[Task to carry out]:
Write only the number of lines in the data that contain the word "with".

Entries taken from a collection
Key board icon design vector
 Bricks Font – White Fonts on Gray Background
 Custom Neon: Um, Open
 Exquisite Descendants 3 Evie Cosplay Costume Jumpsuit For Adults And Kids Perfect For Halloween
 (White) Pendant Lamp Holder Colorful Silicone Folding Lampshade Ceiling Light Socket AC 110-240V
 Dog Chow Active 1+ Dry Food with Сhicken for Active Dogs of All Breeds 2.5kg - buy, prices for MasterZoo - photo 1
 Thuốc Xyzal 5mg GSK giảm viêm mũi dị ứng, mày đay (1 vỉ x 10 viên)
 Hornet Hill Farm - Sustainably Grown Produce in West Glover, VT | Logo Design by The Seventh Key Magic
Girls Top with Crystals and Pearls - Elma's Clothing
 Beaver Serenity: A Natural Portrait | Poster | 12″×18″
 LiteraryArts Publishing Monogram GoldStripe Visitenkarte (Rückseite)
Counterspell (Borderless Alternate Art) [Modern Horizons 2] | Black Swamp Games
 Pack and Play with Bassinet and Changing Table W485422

[Reply to the task]:
3